Unfathomable violence has cut short the lives of our community members, and throughout the world governments fail to offer real, meaningful protection for trans people. Trans people continue to experience significant challenges and compounded discrimination that extend to many areas of their lives, including their personal safety and security, opportunities for meaningful and fulfilling employment, access to education, adequate housing, and appropriate and compassionate healthcare. These injustices are perpetuated by systemic transphobia, present throughout the institutions which make up our societies’ underlying power structures.
Between January 2008 to September 2018, we have lost 2,982 trans people to such hate and to the systematic structural barrier from the region.The pain of these losses is immense.

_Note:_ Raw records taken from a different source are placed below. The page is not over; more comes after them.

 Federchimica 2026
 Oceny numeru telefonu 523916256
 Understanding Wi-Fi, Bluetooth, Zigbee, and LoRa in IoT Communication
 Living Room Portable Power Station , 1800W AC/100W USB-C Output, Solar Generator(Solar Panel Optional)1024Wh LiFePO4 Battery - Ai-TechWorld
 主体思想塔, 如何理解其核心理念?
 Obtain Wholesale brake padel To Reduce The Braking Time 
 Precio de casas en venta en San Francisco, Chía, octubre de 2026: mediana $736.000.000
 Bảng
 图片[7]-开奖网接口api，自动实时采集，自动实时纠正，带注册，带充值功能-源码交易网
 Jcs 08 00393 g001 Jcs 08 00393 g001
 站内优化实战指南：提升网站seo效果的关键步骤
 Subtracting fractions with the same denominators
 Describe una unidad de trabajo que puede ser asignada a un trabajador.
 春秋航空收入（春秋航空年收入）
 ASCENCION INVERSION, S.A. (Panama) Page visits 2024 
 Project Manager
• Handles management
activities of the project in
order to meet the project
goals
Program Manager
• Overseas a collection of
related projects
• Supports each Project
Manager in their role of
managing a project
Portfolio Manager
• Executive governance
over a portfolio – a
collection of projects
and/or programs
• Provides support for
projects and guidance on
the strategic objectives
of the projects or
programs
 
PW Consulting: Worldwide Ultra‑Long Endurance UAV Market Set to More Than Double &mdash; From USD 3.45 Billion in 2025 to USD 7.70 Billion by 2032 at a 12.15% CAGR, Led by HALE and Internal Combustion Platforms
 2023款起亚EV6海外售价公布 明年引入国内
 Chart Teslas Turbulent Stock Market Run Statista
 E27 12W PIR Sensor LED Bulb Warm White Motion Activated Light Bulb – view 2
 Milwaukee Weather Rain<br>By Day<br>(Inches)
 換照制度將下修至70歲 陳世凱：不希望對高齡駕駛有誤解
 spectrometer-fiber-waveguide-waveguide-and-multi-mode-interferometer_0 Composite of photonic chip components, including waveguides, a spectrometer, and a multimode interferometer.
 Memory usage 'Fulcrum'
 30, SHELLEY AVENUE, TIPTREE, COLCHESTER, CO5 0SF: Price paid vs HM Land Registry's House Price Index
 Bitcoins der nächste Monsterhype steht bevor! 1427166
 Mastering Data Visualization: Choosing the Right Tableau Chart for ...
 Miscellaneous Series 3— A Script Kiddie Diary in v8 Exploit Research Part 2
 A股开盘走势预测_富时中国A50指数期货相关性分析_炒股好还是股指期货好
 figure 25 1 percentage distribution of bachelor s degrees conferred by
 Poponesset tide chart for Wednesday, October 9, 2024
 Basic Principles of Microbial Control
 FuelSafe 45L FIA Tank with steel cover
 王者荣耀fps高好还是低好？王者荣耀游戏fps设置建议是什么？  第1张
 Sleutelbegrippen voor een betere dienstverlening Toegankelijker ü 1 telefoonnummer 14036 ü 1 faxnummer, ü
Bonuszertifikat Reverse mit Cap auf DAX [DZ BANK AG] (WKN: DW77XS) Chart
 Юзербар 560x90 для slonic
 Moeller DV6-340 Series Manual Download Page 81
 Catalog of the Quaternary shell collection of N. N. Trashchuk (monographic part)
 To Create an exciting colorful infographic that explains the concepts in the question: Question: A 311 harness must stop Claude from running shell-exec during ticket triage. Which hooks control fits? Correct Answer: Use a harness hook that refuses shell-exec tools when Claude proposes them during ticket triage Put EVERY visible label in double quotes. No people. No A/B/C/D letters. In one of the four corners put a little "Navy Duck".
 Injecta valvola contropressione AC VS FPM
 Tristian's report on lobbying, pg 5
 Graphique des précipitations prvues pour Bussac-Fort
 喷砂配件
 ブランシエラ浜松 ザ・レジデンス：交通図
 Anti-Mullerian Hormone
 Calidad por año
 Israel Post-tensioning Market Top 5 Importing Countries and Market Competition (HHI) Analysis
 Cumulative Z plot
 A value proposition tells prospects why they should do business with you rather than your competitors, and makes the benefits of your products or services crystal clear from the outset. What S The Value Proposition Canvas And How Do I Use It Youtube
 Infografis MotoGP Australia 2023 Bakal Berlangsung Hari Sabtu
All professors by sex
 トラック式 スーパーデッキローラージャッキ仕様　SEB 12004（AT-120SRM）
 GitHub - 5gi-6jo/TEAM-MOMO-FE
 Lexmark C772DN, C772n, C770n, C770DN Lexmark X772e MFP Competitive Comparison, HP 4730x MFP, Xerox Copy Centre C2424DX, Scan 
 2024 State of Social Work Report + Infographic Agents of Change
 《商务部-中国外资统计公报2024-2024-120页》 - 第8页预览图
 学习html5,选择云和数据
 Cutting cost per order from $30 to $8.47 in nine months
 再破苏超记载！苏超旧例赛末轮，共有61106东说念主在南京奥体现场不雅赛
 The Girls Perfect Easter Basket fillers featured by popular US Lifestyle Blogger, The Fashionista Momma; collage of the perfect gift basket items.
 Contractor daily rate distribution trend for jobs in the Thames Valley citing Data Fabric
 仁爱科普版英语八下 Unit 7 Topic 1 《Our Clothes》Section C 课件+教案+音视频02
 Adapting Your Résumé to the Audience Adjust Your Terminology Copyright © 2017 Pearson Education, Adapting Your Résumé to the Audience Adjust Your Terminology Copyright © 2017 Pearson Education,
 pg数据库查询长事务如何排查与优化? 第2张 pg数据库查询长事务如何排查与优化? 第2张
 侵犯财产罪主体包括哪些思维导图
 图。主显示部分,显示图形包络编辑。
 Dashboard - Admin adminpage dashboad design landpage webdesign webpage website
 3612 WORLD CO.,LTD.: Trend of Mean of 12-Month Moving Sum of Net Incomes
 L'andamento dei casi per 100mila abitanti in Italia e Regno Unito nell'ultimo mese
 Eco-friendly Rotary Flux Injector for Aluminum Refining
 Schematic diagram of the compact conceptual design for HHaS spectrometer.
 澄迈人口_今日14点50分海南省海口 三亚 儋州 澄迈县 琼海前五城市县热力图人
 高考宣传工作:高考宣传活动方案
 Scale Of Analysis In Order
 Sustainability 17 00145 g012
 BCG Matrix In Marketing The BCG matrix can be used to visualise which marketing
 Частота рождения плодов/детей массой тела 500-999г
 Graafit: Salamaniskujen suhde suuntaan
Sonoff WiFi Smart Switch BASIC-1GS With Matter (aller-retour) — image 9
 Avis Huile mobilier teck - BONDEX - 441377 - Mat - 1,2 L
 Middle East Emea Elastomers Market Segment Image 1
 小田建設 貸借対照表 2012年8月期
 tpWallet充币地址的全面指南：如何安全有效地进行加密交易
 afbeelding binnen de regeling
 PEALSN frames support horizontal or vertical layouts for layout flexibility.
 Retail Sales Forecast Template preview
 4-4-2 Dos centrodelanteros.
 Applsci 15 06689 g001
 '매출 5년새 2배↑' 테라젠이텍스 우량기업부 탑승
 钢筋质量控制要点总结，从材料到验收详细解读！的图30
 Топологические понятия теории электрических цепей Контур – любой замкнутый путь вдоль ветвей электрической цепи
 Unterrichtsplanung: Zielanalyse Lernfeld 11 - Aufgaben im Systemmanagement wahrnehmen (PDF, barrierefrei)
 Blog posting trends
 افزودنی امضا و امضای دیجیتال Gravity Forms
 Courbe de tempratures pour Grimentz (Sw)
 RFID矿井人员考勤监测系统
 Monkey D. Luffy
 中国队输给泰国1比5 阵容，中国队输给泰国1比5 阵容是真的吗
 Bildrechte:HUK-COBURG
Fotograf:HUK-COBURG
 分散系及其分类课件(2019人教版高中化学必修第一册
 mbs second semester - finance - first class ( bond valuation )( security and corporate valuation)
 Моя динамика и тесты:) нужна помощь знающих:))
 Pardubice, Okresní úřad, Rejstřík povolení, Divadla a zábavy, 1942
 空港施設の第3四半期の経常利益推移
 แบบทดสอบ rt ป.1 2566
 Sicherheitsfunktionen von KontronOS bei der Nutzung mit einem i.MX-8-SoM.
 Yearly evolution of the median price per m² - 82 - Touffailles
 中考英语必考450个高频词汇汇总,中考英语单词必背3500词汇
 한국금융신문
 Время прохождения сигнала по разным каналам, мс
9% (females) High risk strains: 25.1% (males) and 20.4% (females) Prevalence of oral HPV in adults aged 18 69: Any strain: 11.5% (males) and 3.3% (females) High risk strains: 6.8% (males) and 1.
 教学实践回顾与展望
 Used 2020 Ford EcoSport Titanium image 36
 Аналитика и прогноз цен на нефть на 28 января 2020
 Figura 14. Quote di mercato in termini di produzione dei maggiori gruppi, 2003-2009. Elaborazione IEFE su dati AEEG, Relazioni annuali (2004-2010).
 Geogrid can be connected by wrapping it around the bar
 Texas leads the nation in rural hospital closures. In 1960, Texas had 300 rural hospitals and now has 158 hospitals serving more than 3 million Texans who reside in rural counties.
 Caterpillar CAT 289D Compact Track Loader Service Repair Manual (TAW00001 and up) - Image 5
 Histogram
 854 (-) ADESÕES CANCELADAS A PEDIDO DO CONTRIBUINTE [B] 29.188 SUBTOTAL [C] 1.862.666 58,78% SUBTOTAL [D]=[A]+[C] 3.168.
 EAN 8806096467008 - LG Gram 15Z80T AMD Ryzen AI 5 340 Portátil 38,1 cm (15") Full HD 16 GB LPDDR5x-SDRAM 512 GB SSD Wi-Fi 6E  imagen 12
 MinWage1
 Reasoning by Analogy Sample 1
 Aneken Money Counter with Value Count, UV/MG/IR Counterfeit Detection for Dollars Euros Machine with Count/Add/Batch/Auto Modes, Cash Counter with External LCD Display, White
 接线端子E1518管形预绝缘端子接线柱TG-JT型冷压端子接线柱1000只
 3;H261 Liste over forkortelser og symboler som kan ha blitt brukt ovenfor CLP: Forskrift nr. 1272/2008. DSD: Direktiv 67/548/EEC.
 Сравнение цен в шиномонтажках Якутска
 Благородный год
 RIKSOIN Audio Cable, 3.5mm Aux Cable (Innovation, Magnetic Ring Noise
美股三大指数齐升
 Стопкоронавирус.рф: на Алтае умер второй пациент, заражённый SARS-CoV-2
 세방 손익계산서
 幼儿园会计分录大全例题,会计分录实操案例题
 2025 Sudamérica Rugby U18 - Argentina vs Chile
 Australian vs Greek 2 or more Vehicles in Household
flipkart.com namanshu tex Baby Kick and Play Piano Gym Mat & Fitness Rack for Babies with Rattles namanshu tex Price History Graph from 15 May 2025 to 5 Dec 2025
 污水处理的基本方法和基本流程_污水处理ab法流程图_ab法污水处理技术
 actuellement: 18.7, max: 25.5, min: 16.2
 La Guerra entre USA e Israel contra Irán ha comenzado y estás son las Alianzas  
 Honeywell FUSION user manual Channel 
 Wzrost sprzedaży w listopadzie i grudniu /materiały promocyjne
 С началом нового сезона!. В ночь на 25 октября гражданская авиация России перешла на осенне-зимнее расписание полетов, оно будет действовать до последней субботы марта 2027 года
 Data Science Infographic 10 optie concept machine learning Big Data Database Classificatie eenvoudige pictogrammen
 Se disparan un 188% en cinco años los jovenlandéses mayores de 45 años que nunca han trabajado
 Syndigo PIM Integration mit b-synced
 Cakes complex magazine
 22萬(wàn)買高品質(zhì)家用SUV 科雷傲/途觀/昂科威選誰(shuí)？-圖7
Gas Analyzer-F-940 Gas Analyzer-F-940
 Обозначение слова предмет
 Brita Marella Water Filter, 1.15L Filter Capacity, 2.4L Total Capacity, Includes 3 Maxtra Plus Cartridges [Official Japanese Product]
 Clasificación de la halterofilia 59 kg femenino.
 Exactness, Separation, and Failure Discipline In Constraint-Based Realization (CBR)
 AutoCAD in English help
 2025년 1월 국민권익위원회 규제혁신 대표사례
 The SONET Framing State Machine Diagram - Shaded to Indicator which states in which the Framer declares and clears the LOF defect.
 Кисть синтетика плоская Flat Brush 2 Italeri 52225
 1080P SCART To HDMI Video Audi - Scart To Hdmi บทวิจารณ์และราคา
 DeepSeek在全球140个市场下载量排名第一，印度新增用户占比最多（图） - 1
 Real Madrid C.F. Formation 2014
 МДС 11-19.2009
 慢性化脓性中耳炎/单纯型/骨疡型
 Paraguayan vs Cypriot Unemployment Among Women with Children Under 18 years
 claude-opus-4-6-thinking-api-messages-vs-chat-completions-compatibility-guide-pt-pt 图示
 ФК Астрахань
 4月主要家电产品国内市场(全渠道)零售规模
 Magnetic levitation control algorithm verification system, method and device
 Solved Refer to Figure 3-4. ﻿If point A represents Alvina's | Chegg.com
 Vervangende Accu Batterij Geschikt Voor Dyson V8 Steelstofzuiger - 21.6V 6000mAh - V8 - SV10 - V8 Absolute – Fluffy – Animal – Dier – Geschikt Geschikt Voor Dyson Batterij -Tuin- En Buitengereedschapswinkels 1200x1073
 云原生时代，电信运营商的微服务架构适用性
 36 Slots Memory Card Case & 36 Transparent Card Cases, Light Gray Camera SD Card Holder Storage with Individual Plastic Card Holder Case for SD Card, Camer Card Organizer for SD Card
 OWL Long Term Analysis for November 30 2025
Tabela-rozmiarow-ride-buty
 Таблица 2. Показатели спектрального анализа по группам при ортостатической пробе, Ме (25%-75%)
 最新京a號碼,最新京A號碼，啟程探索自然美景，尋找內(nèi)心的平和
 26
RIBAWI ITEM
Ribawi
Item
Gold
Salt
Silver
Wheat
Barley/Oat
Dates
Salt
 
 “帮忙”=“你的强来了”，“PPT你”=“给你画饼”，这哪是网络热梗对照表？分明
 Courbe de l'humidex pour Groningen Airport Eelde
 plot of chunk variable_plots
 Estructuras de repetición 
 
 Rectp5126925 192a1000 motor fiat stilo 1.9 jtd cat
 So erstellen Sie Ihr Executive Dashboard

Violence against our community members has profound consequences, impacting trans people’s wellbeing and often placing trans-led community organisations at the center to demand justice, coordinate funeral costs while continuing other critical programming. The compounded struggles create a difficult environment to continue the fight, but we do. The strength and resilience that occurs within trans communities is unparalleled, and in supporting one another through our shared struggles we discover beauty. The strength and resilience within our communities is unparalleled, and it is in our relationships with one another, our shared experiences, and our victories that we find an undeniable beauty and a powerful declaration of solidarity.
There are actions that society, government and institutions can be enact to reduce violence and protect trans people. Countries and allies must step up in taking action. The approaches to reduce the violence and discrimination against trans people must take into consideration intersectional spheres of identity including class, race, sexual orientation, and culture. Legal gender recognition based on self-identification, decriminalisation of sex work, and non-discrimination laws based on SOGIESC principles would improve the quality of life, dignity and safety of trans people. Sensitisation of police, government, health providers, and journalists is important to ensure that trans people receive appropriate and comprehensive care in any situation. Collecting information on the violence and deaths of trans people using gender sensitive and is key to ensure that trans people are treated with dignity. APTN with its community members urges all countries to step up and monitor cases of violence and discrimination against trans people, offer sensitive and appropriate support following any cases of violence and enact critical policies that are critical in ensuring no more lives are lost and justice due served to perpetrators.
Step up and demand for justice to the trans lives lost. Stand up for Trans Rights.